(Beginning of RECORDED INFORMATION)

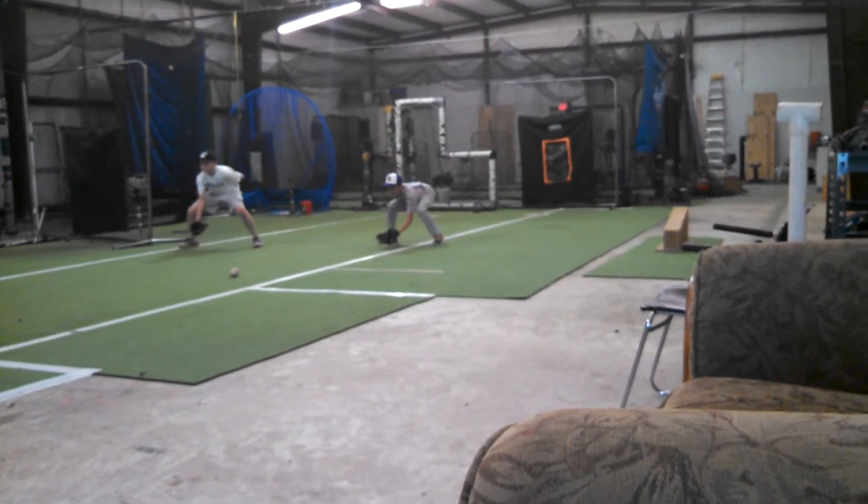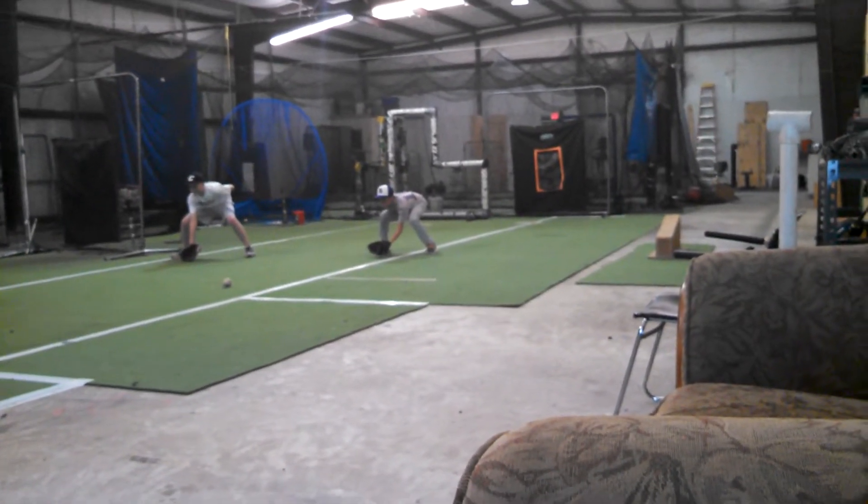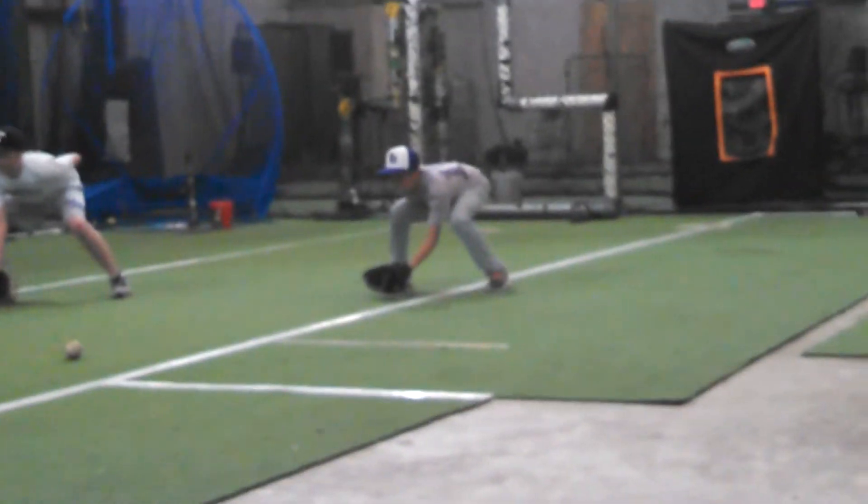Put your butt down. You raise that butt up, or raise your head up — put your head down, too. Position hands in, face-to-face on the chain.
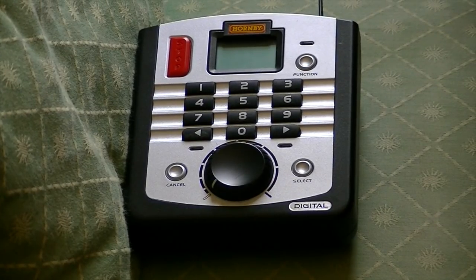Hi guys, it's the King of Nodal Trains here, and in this video I'm going to be showing you how to set up your DCC layout and how to control your train, adding your locomotive and all of that stuff, which I'll explain in this video.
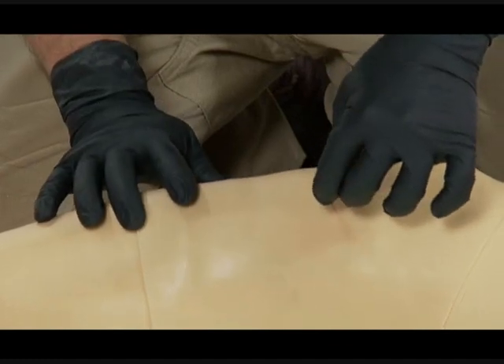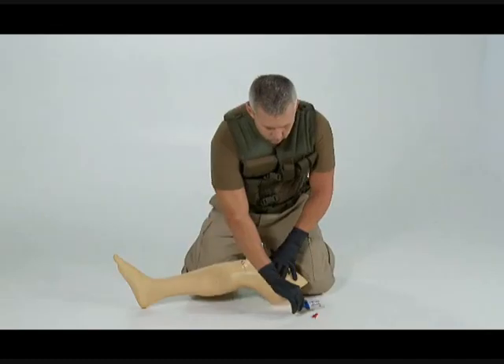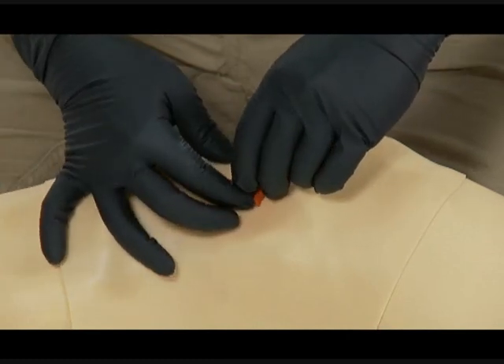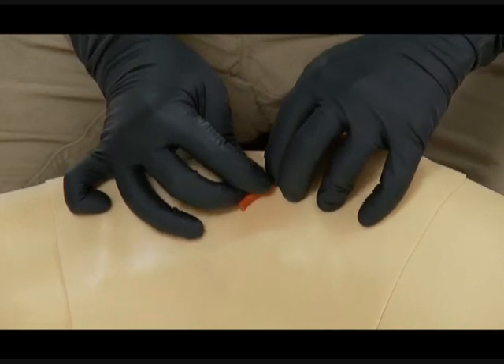Pull out the trocar by pulling upward and twisting. Only the cannula remains in the bone. Always discard sharps such as the trocar into a sharps container. Use the red safety latch to provide additional stability by pushing it around the cannula and taping it down.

(End of RECORDED INFORMATION)

Repeat the material above verbatim. Leave the pictures behind.

Put your butt down. You raise that butt up, or raise your head up — put your head down, too. Position hands in, face-to-face on the chain.
Hi guys, it's the King of Nodal Trains here, and in this video I'm going to be showing you how to set up your DCC layout and how to control your train, adding your locomotive and all of that stuff, which I'll explain in this video.
Pull out the trocar by pulling upward and twisting. Only the cannula remains in the bone. Always discard sharps such as the trocar into a sharps container. Use the red safety latch to provide additional stability by pushing it around the cannula and taping it down.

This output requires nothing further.